** SUPPLIED DATA follows **

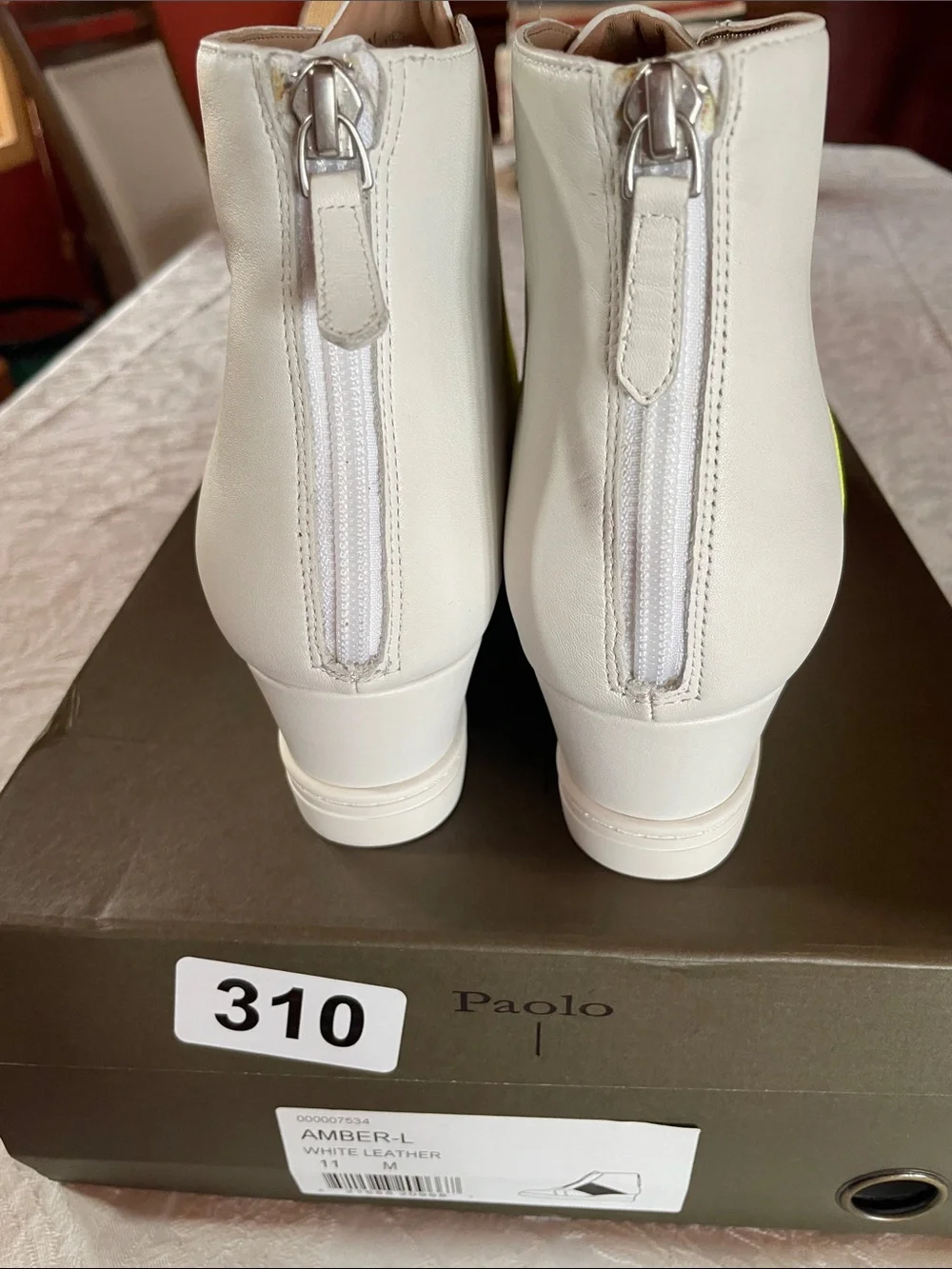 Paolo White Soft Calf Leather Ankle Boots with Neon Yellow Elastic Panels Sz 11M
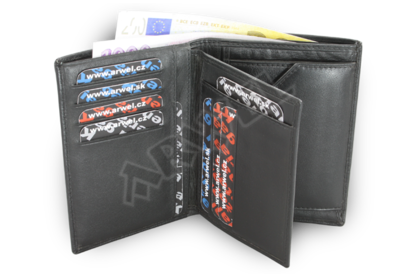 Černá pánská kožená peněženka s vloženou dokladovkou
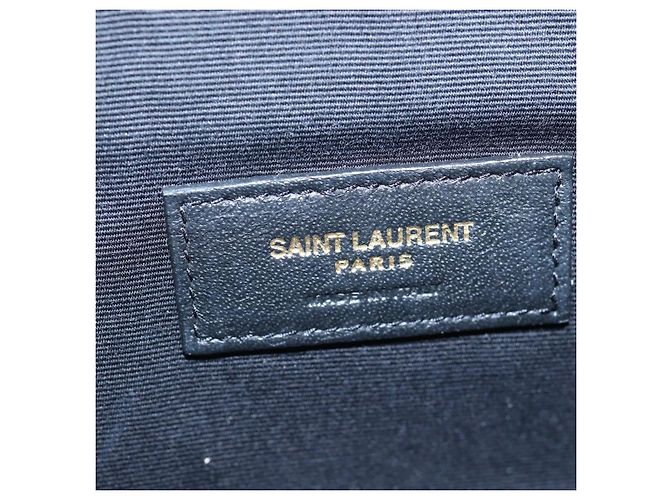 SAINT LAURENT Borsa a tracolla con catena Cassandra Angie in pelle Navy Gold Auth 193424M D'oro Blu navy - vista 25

** End of SUPPLIED DATA **

Every line of the material must be reproduced verbatim; the pictures are to be omitted.

• EXERCISE SOLUTION
 Paolo White Soft Calf Leather Ankle Boots with Neon Yellow Elastic Panels Sz 11M
 Černá pánská kožená peněženka s vloženou dokladovkou
 SAINT LAURENT Borsa a tracolla con catena Cassandra Angie in pelle Navy Gold Auth 193424M D'oro Blu navy - vista 25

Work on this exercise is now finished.